Ob ein Wissenschaftsfeld relevant ist, war auch ein wichtiger Punkt. Dazu kann man aus dem Gespräch festhalten, dass Relevanz vor allem vom Bürger kommt und man die Rückmeldung auch nicht einfach ignorieren kann. Empfohlen wurde auch, dass die Politik Abstand von ihren Leuchtturmprojekten nehmen sollte. Wenn man Bürger erreichen will, dann muss man das vor Ort, kleiner und zielgerichtet tun, und nicht ein riesiges Konzept mit Geld bewerfen. Es wurde klar gesagt, dass der Wettbewerb in der Hochschullandschaft ganz grundsätzlich viele Bestrebungen der Wissenschaftskommunikation antreibt und das KommunikatorInnen, besonders die in den Institutionen, auch die Rückendeckung der Politik brauchen, wenn sich gegen ein stumpfes “geben sie das mal an die Presse raus, wir haben nämlich gerade Geld bekommen” gewehrt werden soll. Auch wurde eine Warnung ausgesprochen: Ruhen sie sich nicht auf dem Wissen aus, dass die Digitalisierung jetzt da ist, das dicke Ende kommt noch! Was immer größere Rechenleistung und das Internet für Auswirkungen auf die Wissenschaft und die Wissenschaftskommunikation haben werden, ist zur Zeit kaum ab zu sehen.
Es wurden noch einige andere Sachen angerissen, aber ich beschränke mich jetzt auf diesen kurzen Ritt durch mein Gedächtnisprotokoll. Der Vollständigkeit halber möchte ich noch erwähnen, dass die Punkte open access, Wissenschaftskommunikation an Kinder und die Befähigung von Wissenschaftlern zur Kommunikation auch angesprochen wurden, allerdings viel zu kurz für meinen Geschmack. Aber ihr müsst euch nicht nur auf meine paar Zeilen Text verlassen, ihr könnt euch das komplette Fachgespräch als Video ansehen. Kurz nachdem die Sitzung zu Ende war, stand die Aufzeichnung schon im Netz zur Verfügung*.

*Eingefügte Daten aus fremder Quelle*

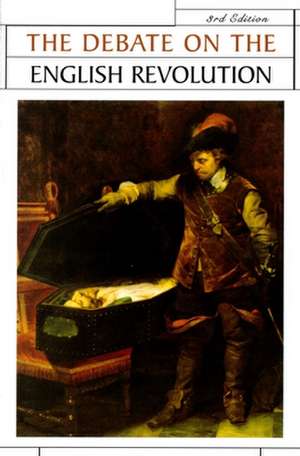 The Debate on the English Revolution de R. C. Richardson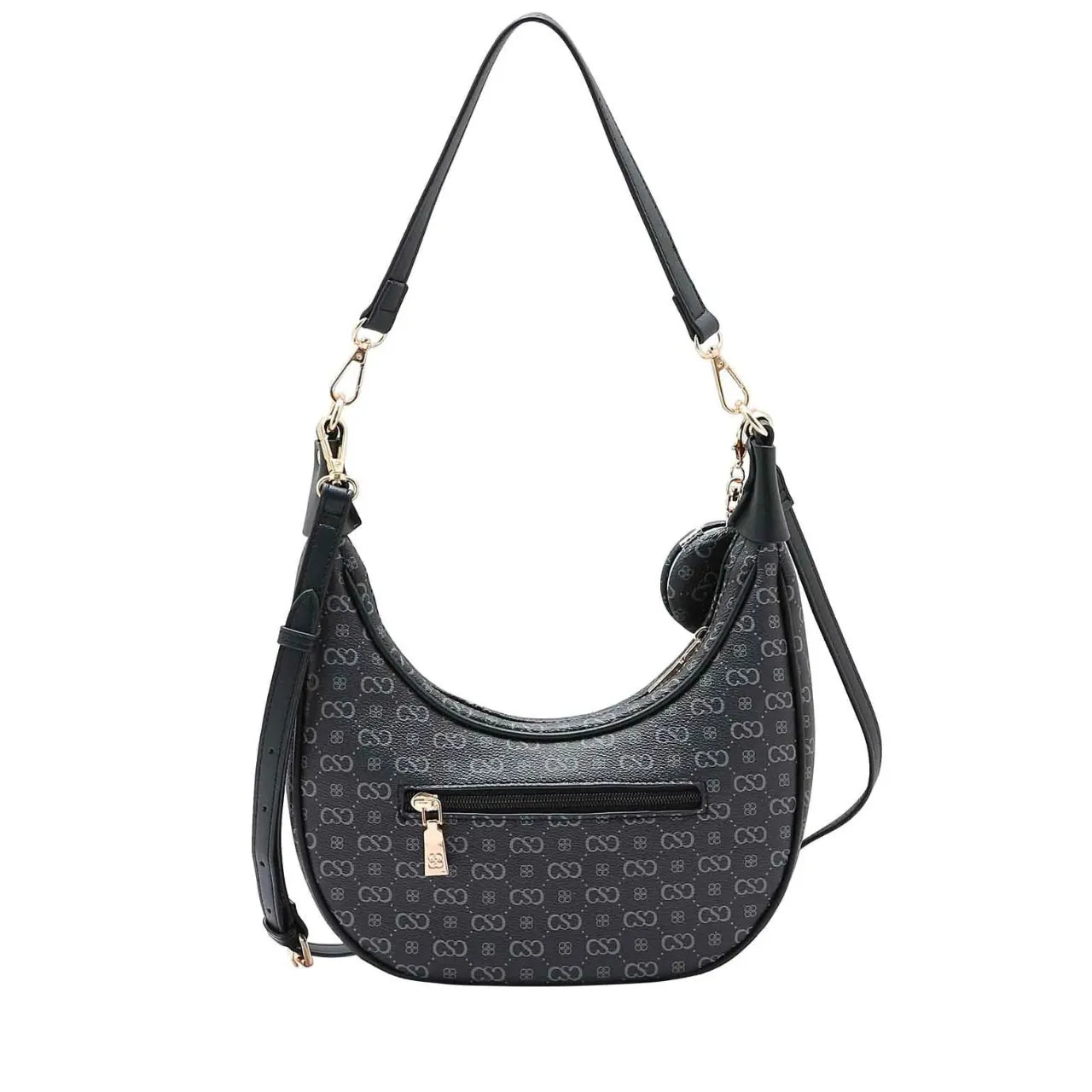 Bolsa Feminina Chenson Preta Ombro Elegance
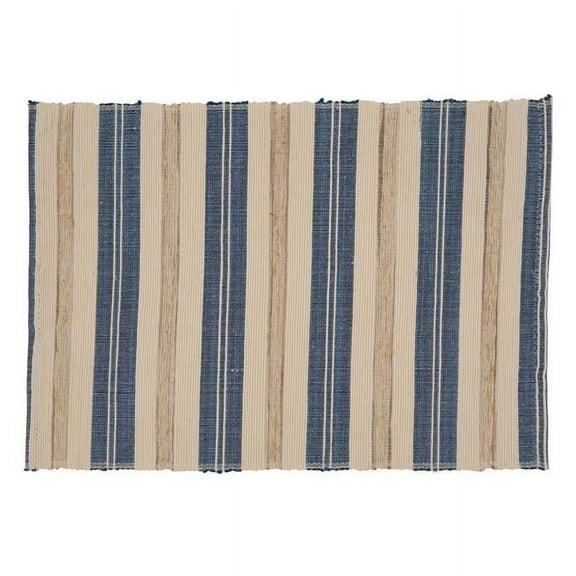Saro Lifestyle Striped Placemat (Set of 4)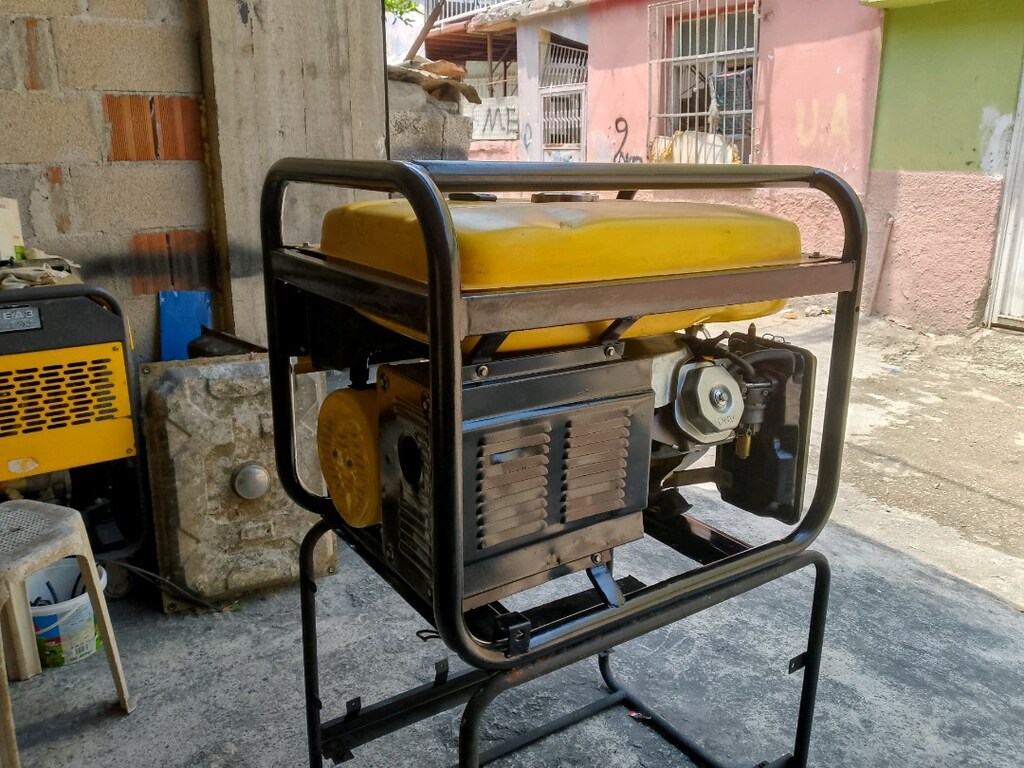 2.el, orjinal Aksa, 8 kva jeneratör seti.. - 5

Da ich einige Probleme mit dem einbetten des Videos hatte, ist hier der Permalink zum Video in der Mediathek des Bundestags.
Eins noch…
Eine Sache habe ich allerdings noch, aber die wollte ich mir für den Schluss aufbewahren. Es wurde von Jan-Martin Wiarda gesagt, dass man sich Sorgen machen muss um die Situation des Wissenschaftsjournalismus, dass sich darum gekümmert werden muss. Er wies dabei auf Bestrebungen hin, den Wissenschaftsjournalismus in Deutschland mit einer Stiftung zu unterstützen. Wenn Verlage sich diese Art von Journalismus nicht mehr leisten wollen, dann muss von irgendwo anders Geld kommen. Weiter führte er aus, dass viele Fernsehformate (oder Massenmedien, wie es hieß) ihre Themen aus den großen Printmedien bekommen würden und er sagte auch, dass für die großen Zeitungen ein science media center für Deutschland wohl keine Bedeutung hat, das es aber praktisch für kleinere Lokalzeitungen sein könne. Übrigens wird das scence media center für Deutschland Anfang 2016 seinen Betrieb aufnehmen.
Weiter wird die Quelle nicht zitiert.